Bloomquist, L. Gregory

Titel/Untertitel:

The Function of Suffering in Philippians.

Verlag:

Sheffield: Sheffield Academic Press 1993. 235 S. gr.8 = Journal for the Study of the New Testament. Supplement Series, 78. Lw. £ 35,-. ISBN 1-85075-383-0.

Rezensent:

Nikolaus Walter

Bloomquists Arbeit, für deren verspätete Besprechung ich um Entschuldigung bitten muß, hat sich das Motiv des "Leidens" im Philipperbrief zum Thema gesetzt. Es wird in den drei ersten und den vier letzten Kapiteln des Buches behandelt; in der Mitte stehen drei Kapitel zur rhetorisch-strukturalen Analyse des Briefes mit einer grundsätzlichen Einführung zur Methodik - für B. von großem Gewicht.

Zunächst aber (Teil I = Kap. 1-3, 17-80) wird die Auslegungsgeschichte des Philipperbriefs, von Ignatius und anderen frühchristlichen Autoren an bis zur Gegenwart, in instruktiver und anregender Weise dargestellt, wobei sich B. durchaus nicht auf das Thema Leiden im engsten Sinne beschränkt, sondern immer auch weitere Grundfragen des Verständnisses bzw. Vorverständnisses einbezieht. Ist der Verstehens-Ansatz in der frühesten Periode geprägt vom Bedrohtsein durch staatlich auferlegtes Martyrium, so vergeistigt sich später der Begriff des Leidens, unabhängig von der politischen Situation, und wird auf das durch Leiden (im Kampf gegen die Sünde) bewirkte Vereinigt-Sein mit Christus bezogen. Das führt seit etwa 1870 bis hin zu Albert Schweitzer zum Ausbau des Konzepts der "Christusmystik", die nicht mehr nur im willentlichen, sondern in übernatürlich-naturhaftem Sinne als Vereinigung mit dem Gekreuzigten und Auferstandenen schon im irdischen Leben (unter der Wirkung des Geistes) gedeutet wird, in einer Art "re-aler präsentischer Eschatologie" (A. Deißmann).

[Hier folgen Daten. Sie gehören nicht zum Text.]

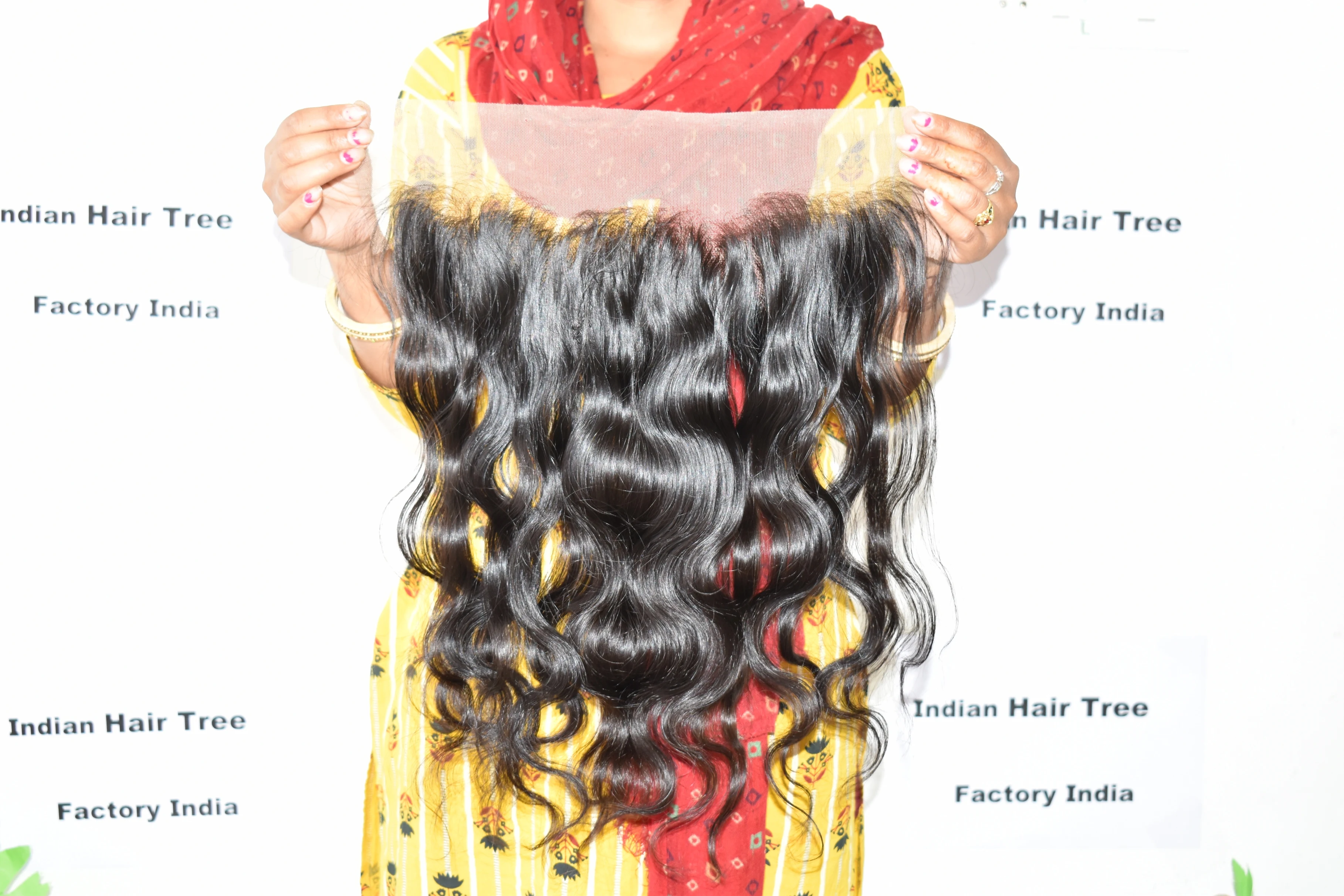 Raw virgin wholesale price cuticle aligned natural Body wave 13*4 Frontal Indian human hair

Erst A. Schweitzer bringt dann auch stärker das futurische Element sowie eine überindividuell-kosmische Sicht zur Geltung. Unter Schweitzers Einfluß wird dann der eschatologische Vorbehalt stärker unterstrichen; jetzt werden eher die "Gegner" im Phil als Vertreter des theios-aner-Konzepts verstanden, die sich selbst als Verkörperungen Christi sehen (H. Windisch verstand Paulus selbst in diesem Sinne!). Lohmeyer explizierte in seinem Kommentar dann die Martyriumsmystik, die den Absender und die Empfänger untereinander und so mit Christus verbinde, wobei das Martyrium pneuma-spendende und somit offenbarende Kraft und Wirkung habe. E. Käsemann sieht die Manifestation des Christus im Leiden, in der Schwachheit des Apostels, so daß Leiden zur "angemessenen Erscheinungsform des apostolischen Christusdienstes" wird (H. D. Wendland). Dagegen steht dann Güttgemanns' These, daß von der Teilhabe an Christi Leiden nicht in ontologischem, sondern in funktionalem Sinne die Rede sei. In gleiche Richtung, gegen ein ontologisches oder "mystisches" Verständnis, weist auch Karl Barths Auslegung, nach der Paulus in seinem Leiden die notwendige Voraussetzung für das Voranbringen der Verkündigung sieht. In dieser Linie sieht B. auch die interessante Exegese von J. F. Collange sowie die Auslegung G. Friedrichs. Schließlich ist Daniel Patte für B. von besonderer Bedeutung (66-69, vgl. noch 193 f); sein semiotischer Strukturalismus ist der Ansatz, den B. in Verbindung mit epistolarisch-rhetorischer Analyse weiterführen will.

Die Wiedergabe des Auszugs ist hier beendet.